Spiraea japonica is a deciduous, perennial shrub native to Japan, China, and Korea. Southwest China is the center for biodiversity of the species. It is naturalized throughout much of the Northeast, Southeast, and Midwest areas of the United States, and parts of Canada.

==Habitat==
A common habitat for S. japonica in general seems to be in riparian areas, bogs, or other wetland habitats. It is found growing along streams, rivers, forest edges, roadsides, successional fields, and power line right-of-ways. It prefers full sun, but can tolerate partial shade. It prefers much water during the growing season; however, it cannot tolerate saturated soils for extended periods of time. It prefers a rich, moist loam, but it can grow in a wide variety of soils, including those on the alkaline side.

==Uses==
Spiraea japonica was introduced in North America as an ornamental landscape plant and first cultivated in the northeastern states around 1870.

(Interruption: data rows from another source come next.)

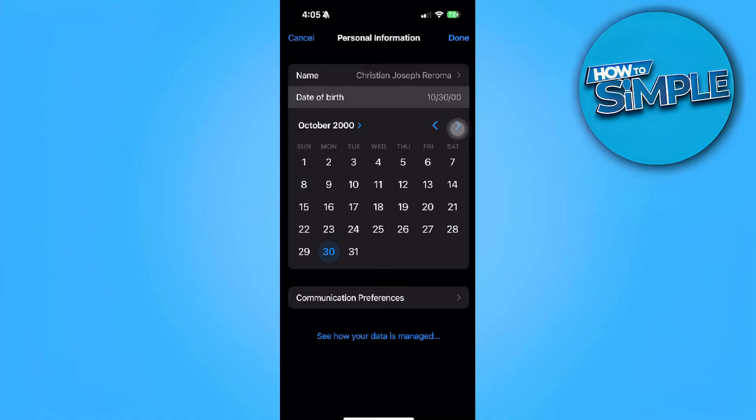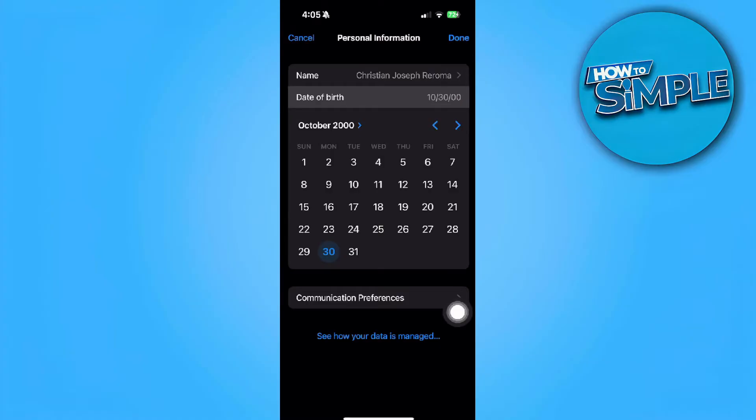If you're trying to create an Apple ID and you see a message that says invalid date of birth, this is because you do not meet the Apple ID age requirement. Only people with ages 13 and above can create an Apple ID.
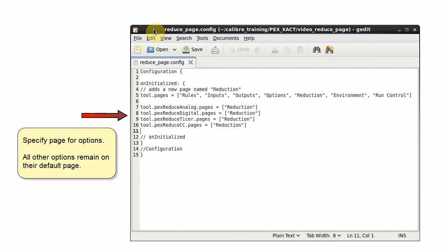These lines specify the options that are on the new reduction page. All other options remain on their default page.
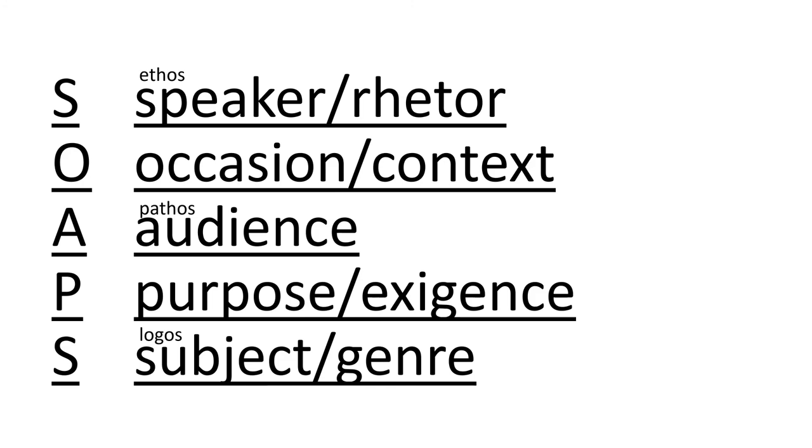SOAPS, as an acronym, stands for speaker, occasion, audience, purpose, and subject. Who's speaking? What's their ethos? What is the occasion or the external context? Who are they speaking to? Who's their audience? And how are they trying to connect with them emotionally? What is the purpose, the meaning? And what sparked it in that moment? And also the subject matter and the genre that's most appropriate for it. Think of the logos. What's the most effective way to convey that reasoning?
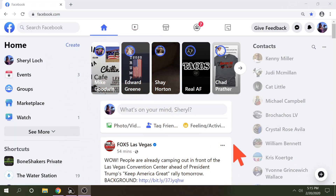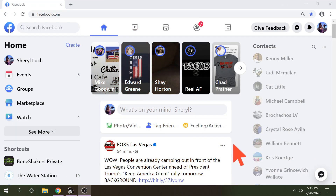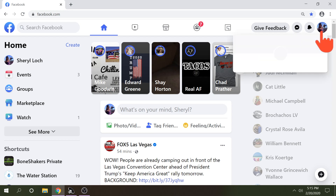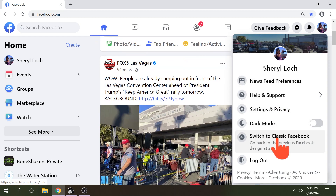Let's head on over to my computer and I'm going to get you out of that mess. So here we are on Facebook beta. What we're going to do — you're just going to go up to the upper right to your avatar. You're going to click and you're going to come down here and you're going to see 'Switch to Classic Facebook.'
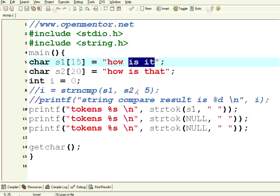So in this session, we have seen strcmp, strncmp, and strtok. Thank you.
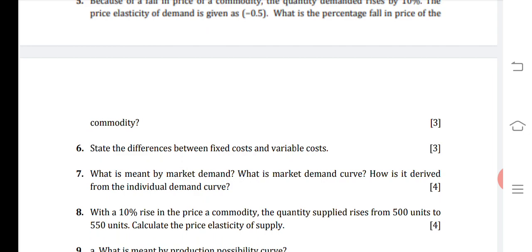Question 6: State the differences between fixed cost and variable cost. Fixed cost refers to the cost which remains constant irrespective of the level of output. Variable cost refers to the cost which varies with the level of output.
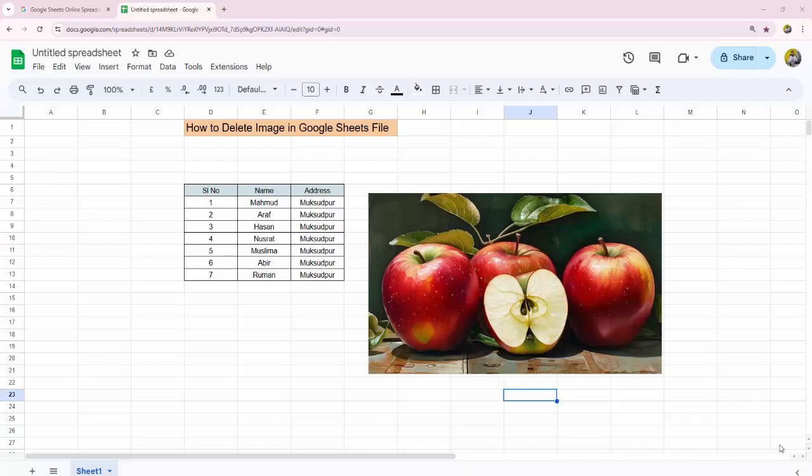Hello everyone, assalamualaikum, how are you all? I hope you are well. Welcome back to my channel in this new video. Today's video: how to delete image in Google Sheets file. So let's get started. At first, open your Google Sheets file.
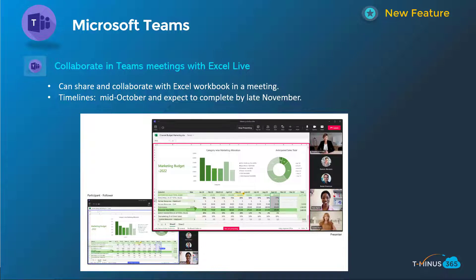Next one here is related to an Inspire announcement that's coming more into a GA timeframe. This is giving you the ability to share and collaborate in an Excel workbook within a Teams meeting. This will happen mid-October and be complete by late November.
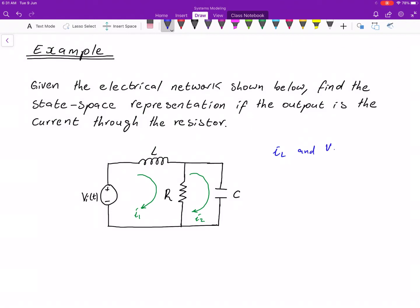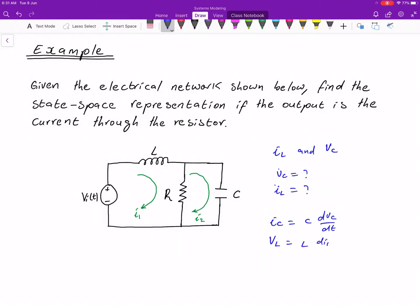We pick our state variables to be il and vc. We need to find the derivatives of our state variables, so we are going to find vc_dot and il_dot. We know that ic = C·dvc/dt and vl = L·dil/dt, which implies that vc_dot = (1/C)·ic and il_dot = (1/L)·vl.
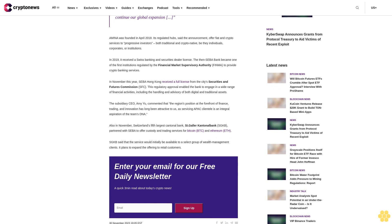The then SEBA Bank became one of the first institutions regulated by the Financial Market Supervisory Authority (FINMA) to provide crypto banking services. In November this year, SEBA Hong Kong received a full license from the city's Securities and Futures Commission (SFC).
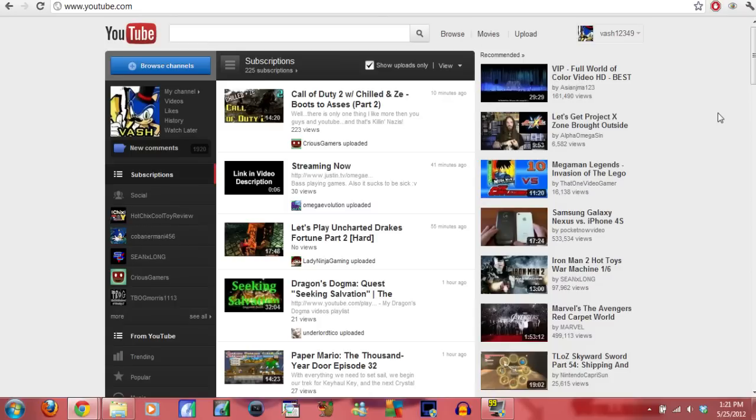YouTube changed the subscription box. A lot of people are sending me messages on Twitter and YouTube telling me that they're not getting my videos in their subscriptions.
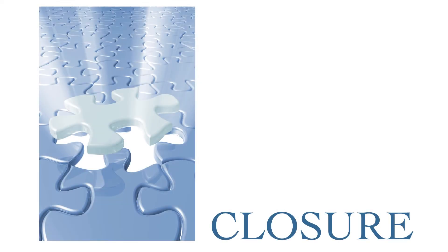Closure refers to the brain's tendency to fill in missing lines or areas in a design or composition. For example,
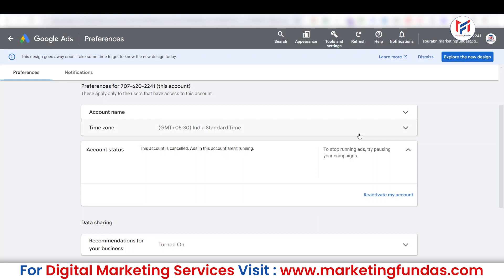This is the very simple process to delete or cancel your Google Ads account. I hope this helps. If you want more useful and interactive videos like this, comment down below with the topics where you're getting confused or what you'd like to see in future videos.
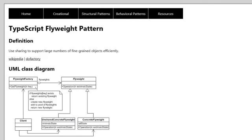Hi there and welcome to another episode on TypeScript design patterns. In this module we'll be discussing the flyweight pattern. When we look at the definition, it states that it uses sharing to support large numbers of fine-grained objects efficiently.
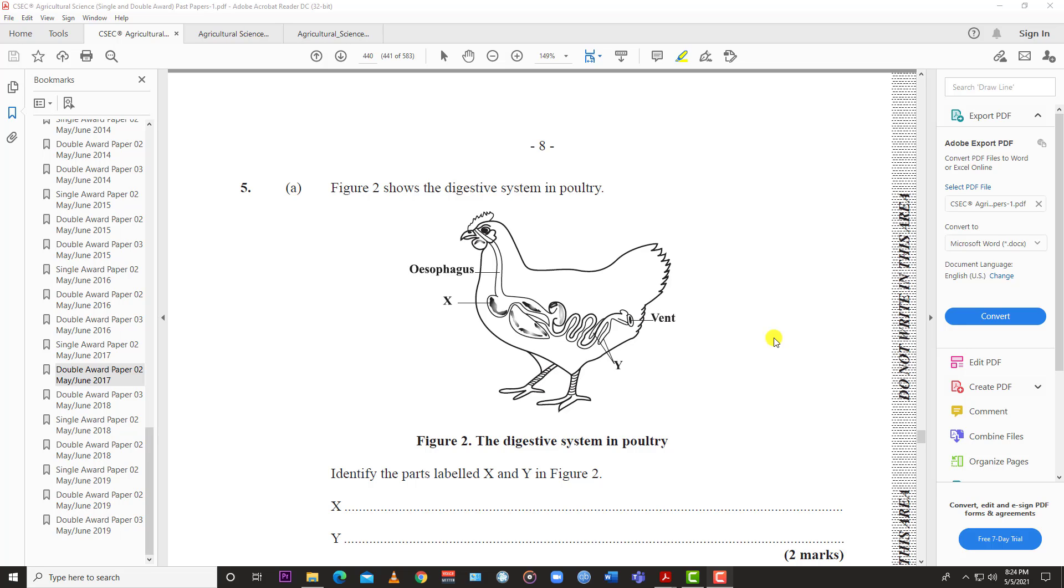Welcome back to Learn SKN. Today we have a relatively short video for number five and number six for the May June 2017 CSEC Agricultural Science Single Award Paper Two. Before we get started, hit the like button, notification bell, and subscribe to the channel if you're not already subscribed.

Numerous cultivars have been selected for garden use. The tall forms may be grown as hedges, low screens, or foundation shrubs. The low-growing forms can be used as groundcover or in borders. In the UK, the following cultivars have gained the Royal Horticultural Society's Award of Garden Merit:-

- 'Candlelight'
- 'Dart's Red'
- ' = ‘Lisp’ bred by Peter Catt.
- = ‘Walbuma’
- 'Nana'

S. japonica has been used as traditional medicine by native people, and extracts from the plants were found to be bioactive.

==Alkaloids==
Spiraea japonica L. fil. yields a series of closely related alkaloids, Spiradines A-G.